Mais cette lutte mortifère s’est aussi accompagnée d’un combat tout aussi acharné contre le charbon, le pétrole et le gaz, pour le coup en référence au changement climatique et à l’émission de CO2, gaz carbonique, à origine de combustion d’hydrocarbures. Alors qu’une crise due au surinvestissement écrasait à partir de 2005 le secteur pétrolier et gazier, les coups de butoir contre les fossiles dans notre pays fragilisaient le secteur dit « para pétrolier », c’est-à-dire les sous-traitants des producteurs. Les sociétés concernées ont fait la une Vallourec (les tuyaux) avec sa filiale Ascoval, la Compagnie Générale de Géophysique (ou CGG), Technip (ingénierie), tandis que l’offensive sur le carburant diesel amputait progressivement l’industrie automobile nationale et celle de ses composants. 


« Gouverner c’est prévoir » dit l’adage, hé bien chez nous, pas du tout, on décide des mesures et après on se lamente. Mais ici ce n’est ni la mondialisation ni la faiblesse technique qui ont mis en péril les industries nationales, ce sont les décisions du pouvoir politique avide du soutien de l’écologie politique pour convaincre les électeurs. Notre compétence s’effrite donc et nos industriels essaient désespérément de trouver des remèdes pour conserver aptitudes et emplois chez nous. Nous ne voulons plus de pétrole et de gaz chez nous, nous en importons, nous méprisons les sociétés qui en sont les promoteurs et nous les montrons du doigt lorsqu’elles veulent survivre…grâce à la politique de tous les pays sauf le nôtre.
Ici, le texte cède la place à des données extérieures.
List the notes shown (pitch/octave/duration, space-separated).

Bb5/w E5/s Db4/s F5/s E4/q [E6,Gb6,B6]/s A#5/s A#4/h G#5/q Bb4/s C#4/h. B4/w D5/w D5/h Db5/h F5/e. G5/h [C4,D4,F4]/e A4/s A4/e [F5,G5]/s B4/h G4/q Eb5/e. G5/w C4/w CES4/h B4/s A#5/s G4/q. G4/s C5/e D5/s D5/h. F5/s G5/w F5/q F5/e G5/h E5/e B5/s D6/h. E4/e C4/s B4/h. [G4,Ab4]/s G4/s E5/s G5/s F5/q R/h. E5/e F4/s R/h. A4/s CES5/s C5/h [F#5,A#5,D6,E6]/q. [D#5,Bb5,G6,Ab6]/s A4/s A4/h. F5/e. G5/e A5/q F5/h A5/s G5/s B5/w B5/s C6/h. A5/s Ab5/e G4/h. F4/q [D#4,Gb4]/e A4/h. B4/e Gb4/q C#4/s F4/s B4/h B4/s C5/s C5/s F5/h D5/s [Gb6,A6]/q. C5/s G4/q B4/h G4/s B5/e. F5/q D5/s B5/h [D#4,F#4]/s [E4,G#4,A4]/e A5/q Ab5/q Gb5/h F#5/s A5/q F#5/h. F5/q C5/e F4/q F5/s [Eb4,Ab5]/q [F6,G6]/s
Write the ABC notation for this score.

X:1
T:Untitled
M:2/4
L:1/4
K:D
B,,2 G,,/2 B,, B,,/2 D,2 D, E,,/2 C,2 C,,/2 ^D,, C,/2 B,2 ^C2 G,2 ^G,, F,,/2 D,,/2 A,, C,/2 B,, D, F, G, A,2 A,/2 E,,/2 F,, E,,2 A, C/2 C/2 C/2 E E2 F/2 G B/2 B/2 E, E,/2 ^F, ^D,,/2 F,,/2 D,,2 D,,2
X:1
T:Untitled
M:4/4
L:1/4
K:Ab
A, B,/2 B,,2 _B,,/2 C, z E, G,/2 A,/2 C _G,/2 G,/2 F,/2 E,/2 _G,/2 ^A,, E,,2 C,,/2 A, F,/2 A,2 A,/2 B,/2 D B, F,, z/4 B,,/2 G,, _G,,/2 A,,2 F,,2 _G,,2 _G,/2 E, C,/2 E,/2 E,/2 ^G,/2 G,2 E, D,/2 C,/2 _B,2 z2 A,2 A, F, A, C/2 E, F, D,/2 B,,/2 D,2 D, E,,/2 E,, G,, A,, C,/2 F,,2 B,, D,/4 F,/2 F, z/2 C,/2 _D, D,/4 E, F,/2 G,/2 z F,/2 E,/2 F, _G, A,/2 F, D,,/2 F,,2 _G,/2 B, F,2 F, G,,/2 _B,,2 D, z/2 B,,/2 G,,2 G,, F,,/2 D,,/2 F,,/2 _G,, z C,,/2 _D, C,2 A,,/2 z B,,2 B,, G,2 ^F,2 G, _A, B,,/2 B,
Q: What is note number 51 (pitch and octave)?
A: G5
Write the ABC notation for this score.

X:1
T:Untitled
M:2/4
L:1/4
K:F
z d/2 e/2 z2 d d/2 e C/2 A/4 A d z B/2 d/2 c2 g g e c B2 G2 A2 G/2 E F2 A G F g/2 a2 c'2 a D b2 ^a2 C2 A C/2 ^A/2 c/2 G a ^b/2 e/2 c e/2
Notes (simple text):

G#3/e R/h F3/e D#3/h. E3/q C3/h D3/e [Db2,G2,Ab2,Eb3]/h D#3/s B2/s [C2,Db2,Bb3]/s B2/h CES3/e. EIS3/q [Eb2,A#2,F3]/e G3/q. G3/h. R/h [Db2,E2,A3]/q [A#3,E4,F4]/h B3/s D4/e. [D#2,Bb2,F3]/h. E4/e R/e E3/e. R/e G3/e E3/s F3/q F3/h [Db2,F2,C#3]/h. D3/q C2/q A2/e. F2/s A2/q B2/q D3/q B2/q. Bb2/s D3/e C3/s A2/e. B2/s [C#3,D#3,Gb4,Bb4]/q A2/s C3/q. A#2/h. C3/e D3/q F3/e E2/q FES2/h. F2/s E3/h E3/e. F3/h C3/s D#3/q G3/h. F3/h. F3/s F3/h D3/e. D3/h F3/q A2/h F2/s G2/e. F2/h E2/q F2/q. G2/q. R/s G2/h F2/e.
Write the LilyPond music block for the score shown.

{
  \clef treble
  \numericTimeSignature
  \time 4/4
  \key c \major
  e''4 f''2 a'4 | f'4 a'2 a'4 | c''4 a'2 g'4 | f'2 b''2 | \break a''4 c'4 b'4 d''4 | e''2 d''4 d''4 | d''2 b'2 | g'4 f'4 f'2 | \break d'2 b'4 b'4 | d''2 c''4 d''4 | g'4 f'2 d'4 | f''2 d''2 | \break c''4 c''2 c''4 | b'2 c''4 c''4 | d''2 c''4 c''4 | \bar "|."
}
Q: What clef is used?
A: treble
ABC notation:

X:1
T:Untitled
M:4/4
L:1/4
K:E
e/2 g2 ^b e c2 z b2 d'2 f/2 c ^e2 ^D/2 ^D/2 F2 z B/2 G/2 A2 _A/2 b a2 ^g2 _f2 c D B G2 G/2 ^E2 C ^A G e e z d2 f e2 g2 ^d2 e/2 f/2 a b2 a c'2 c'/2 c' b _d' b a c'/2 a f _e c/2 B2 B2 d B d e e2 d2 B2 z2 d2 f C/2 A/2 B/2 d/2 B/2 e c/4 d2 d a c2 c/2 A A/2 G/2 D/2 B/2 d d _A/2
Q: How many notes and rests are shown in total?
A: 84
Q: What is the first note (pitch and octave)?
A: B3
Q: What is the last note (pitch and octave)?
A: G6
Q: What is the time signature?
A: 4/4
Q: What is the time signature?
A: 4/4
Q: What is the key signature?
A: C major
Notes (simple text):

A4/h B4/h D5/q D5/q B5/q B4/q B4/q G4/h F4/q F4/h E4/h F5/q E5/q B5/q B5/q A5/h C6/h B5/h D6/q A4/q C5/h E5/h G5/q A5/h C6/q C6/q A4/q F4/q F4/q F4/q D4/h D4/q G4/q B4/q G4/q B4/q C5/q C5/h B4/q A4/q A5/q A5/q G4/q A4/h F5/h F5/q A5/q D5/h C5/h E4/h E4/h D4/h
La société Technip a failli mourir de l’absence de marché intérieur qui ne représente plus que 1% de son chiffre d’affaires. Elle a tenté une manœuvre de rapprochement avec la CGG interdite par le pouvoir politique. Elle n’a du son salut qu’à un rapprochement avec son partenaire américain FMC. J’ai soutenu en son temps cette solution présentée, à tort, comme une américanisation de ce fleuron français. Mais il fallait réfléchir, comment survivre à partir d’un pays qui veut éradiquer le pétrole et le gaz de la planète alors que ses compétences sont sur ce secteur d’activités ? Comment demeurer un commerçant mondial d’alcool à partir d’un Etat qui promeut la prohibition (l’Arabie Saoudite par exemple). Technip a fait le bon choix en s’expatriant, non aux USA mais en Grande Bretagne et en maintenant les activités essentielles, le personnel, en France. Ce qui est arrivé dans cet univers national anti pétrole et gaz est un miracle ! Certes le PDG et la Directrice financière sont américains, mais cette fusion a conduit à la première compagnie mondiale de projets intégrés Subsea (mer profonde) , à un renouveau de commandes nouvelles, à une confiance des investisseurs (le titre a repris 20%) , à un maintien du maximum du personnel français tandis que des coupes avaient lieu aux USA et en Norvège, à la construction du pole technique Technip-FMC à Nanterre qui regroupera 3500 personnes , au maintien des 8 sites français …Technip-FMC est devenu la référence mondiale dans le Gaz Naturel Liquéfié (GNL) avec la réussite extraordinaire de Yamal en Russie (Total-Novatek) et celle de Prélude en Australie (Shell). Technip-FMC est présent sur tous les continents, subsea, onshore, offshore, surface et les techniciens viennent de Six nationalités avec 30% de femmes, l’implantation française a donc été maintenue dans notre pays, celui qui prône la prohibition et qui interdit à notre producteur national d’être sponsor des Jeux Olympiques !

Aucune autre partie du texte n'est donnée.